2. When the first rise is complete, generously dust a work surface with flour. Use a bowl scraper or rubber spatula to scrape the dough out of the bowl in one piece. Using lightly floured hands or a bowl scraper, lift the edges of the dough in toward the center. Nudge and tuck in the edges of the dough to make it round. [OK, I admit it: I actually knead the dough for a minute or two during this process. I can’t help it. I love to knead bread, and the kneading makes for a tighter crumb.]
3. Place a clean tea towel on your work surface and generously dust it with wheat bran or flour. Gently place the dough on the towel, seam side down. If the dough is tacky, dust the top lightly with wheat bran or flour. Fold the ends of the tea towel loosely over the dough to cover it and place it in a warm, draft-free spot to rise for 1 to 2 hours. The dough is ready when it is almost doubled. If you gently poke it with your finger, it should hold the impression. If it springs back, let it rise for another 15 minutes.
4. Half an hour before the end of the second rise, preheat the oven to 475-degrees F, with a rack in the lower third, and place a covered 4 1/2- to 5 1/2-quart heavy pot in the center of the rack. [He’s talking about an empty pot here. You need to pre-heat the pot, a step I (curses!) often forget until it’s time to put the dough in the oven!]
5. Using pot holders, carefully remove the preheated pot from the oven and uncover it. Unfold the tea towel and quickly but gently invert the dough into the pot, seam side up. Use caution — the pot will be very hot. [Conversely, lightly oil a large piece of parchment paper with cooking spray and invert the dough onto the parchment. Lift it and gently place into the hot pot, leaving a good couple inches hanging out the sides of the pot.] Cover the pot and bake for 30 minutes.

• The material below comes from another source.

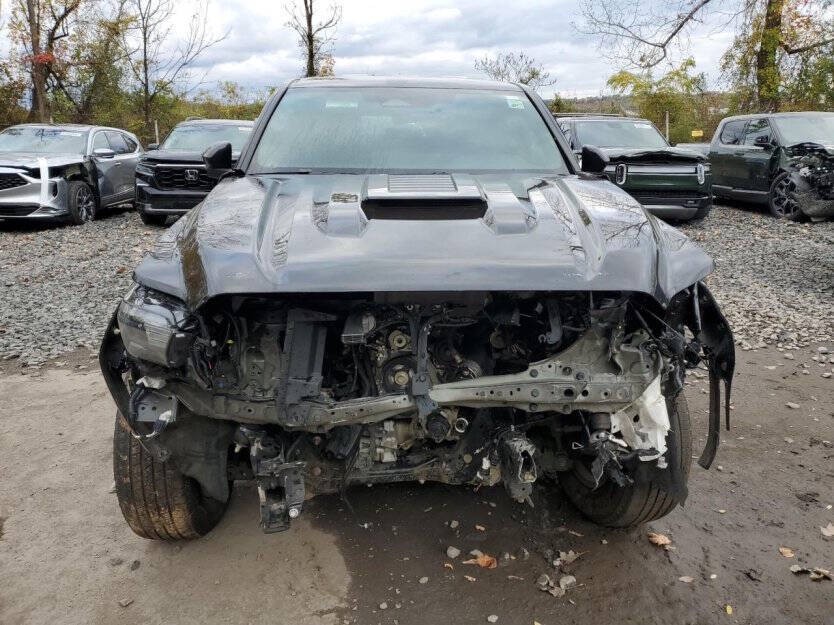 2024 Toyota Tacoma Image 2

6. Remove the lid and continue baking until the bread is a deep chestnut color but not burnt, 20 to 30 minutes more. Use a heatproof spatula or pot holders to lift the bread out of the pot [or, if you used parchment, gently lift the loaf out using the edges of the paper]. Place on a rack and cool thoroughly.
Recipe from “My Bread: the revolutionary no-work, no-knead method” by Jim Lahey with Rick Flaste (Norton).
So tell me: Have any of you tried this, or any other no-knead recipe? What do you think? Am I right or am I right?